Direktur Utama PT Mora Telematika Indonesia (Moratelindo) Galumbang Menak mengatakan saat ini sebanyak 60–70 persen kapasitas SKKL internasional yang dimiliki perseroan, dimanfaatkan untuk memenuhi kebutuhan pelanggan internet bergerak – pelanggan PT Smartfren Telecom Tbk. (FREN) - dan internet tetap Moratelindo. Adapun sisanya, sekitar 30 persen disewakan kepada perusahaan telekomunikasi lain.
Kondisi tersebut berbeda dengan beberapa tahun lalu, yang sebanyak 80 persen kapasitas disewakan kepada perusahaan lain dan 20 persen digunakan untuk mendukung layanan sendiri.

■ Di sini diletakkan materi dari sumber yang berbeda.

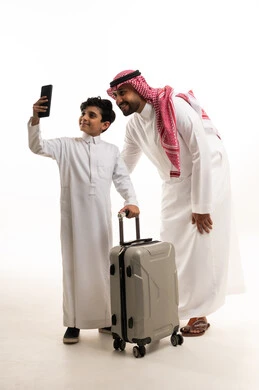 Saudi Man and Boy with Travel Suitcase Taking Phone Selfie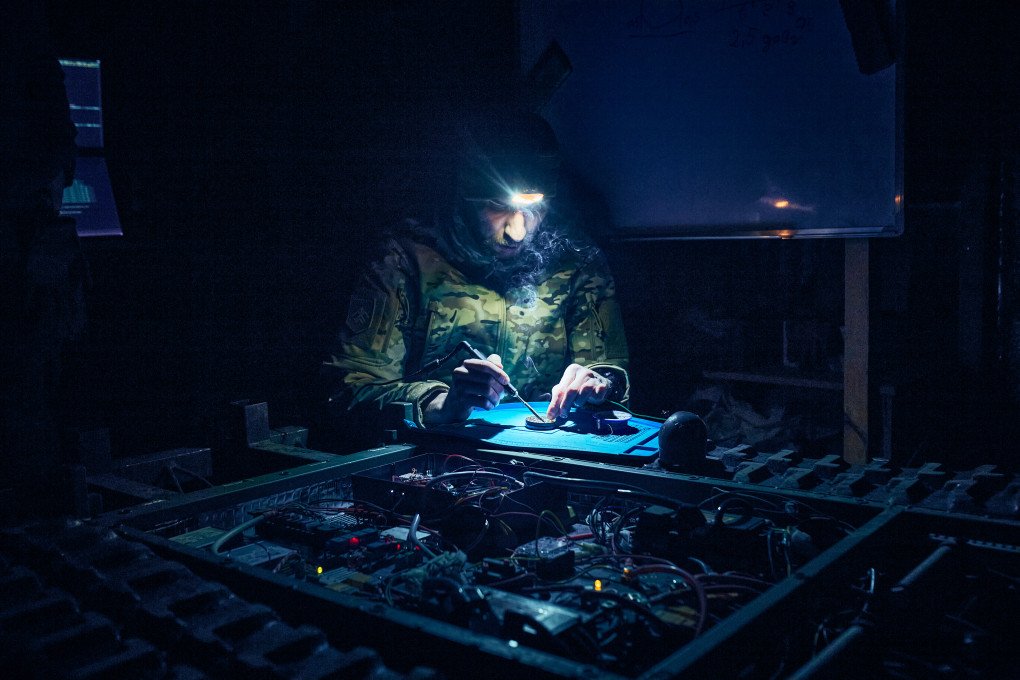 Platoon technical specialist soldering a repaired component back into a UGV. Photo: Alina Andreeva.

Galumbang menjelaskan strategi tersebut dilakukan agar perusahaan dapat bertahan di tengah dinamika industri SKKL, yang terus melahirkan perusahaan SKKL internasional baru dan harga bandwidth yang jatuh.
“Kami tidak hanya bicara yang internasional yang domestik juga seperti itu keadaannya. Kalau murni jualan ke operator lain itu akan terasa berat, sehingga yang bertahan adalah yang punya pelanggan sendiri,” kata Galumbang kepada Bisnis.com, Senin (5/4/2021).

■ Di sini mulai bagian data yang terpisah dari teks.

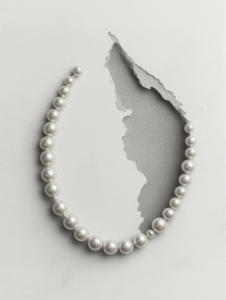 A strand of pearls turning into a constellation of stars, symbolizing the timeless and universal appeal of classic beauty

Galumbang menjelaskan harga bandwidth internasional terus mengalami penurunan yang signifikan setiap tahunnya.
Berdasarkan pengalamannya, pada 2000, saat Moratelindo menjual bandwidth internasional, per Mbps harganya bisa mencapai US$100.000. Adapun saat ini harganya di bawah US$1 per Mbps. Harga tersebut terus mengalami penurunan hingga 20 persen setiap tahunnya.
“Sekarang karena harganya sudah di bawah turunnya hanya sekitar 20 persen. Dahulu turunnya bisa mencapai 50–100 persen” kata Galumbang.
Galumbang berpendapat adopsi digital yang meningkat tidak serta merta membuat bisnis SKKL internasional moncer. Kebutuhan kapasitas yang terus meningkat kontradiktif dengan harga bandwidth yang justru menurun.
“Di dunia ini hanya telekomunikasi yang turun terus harganya kalau yang lainnya naik terus. Harga listrik naik, makanya pasarnya tidak mudah,” kata Galumbang.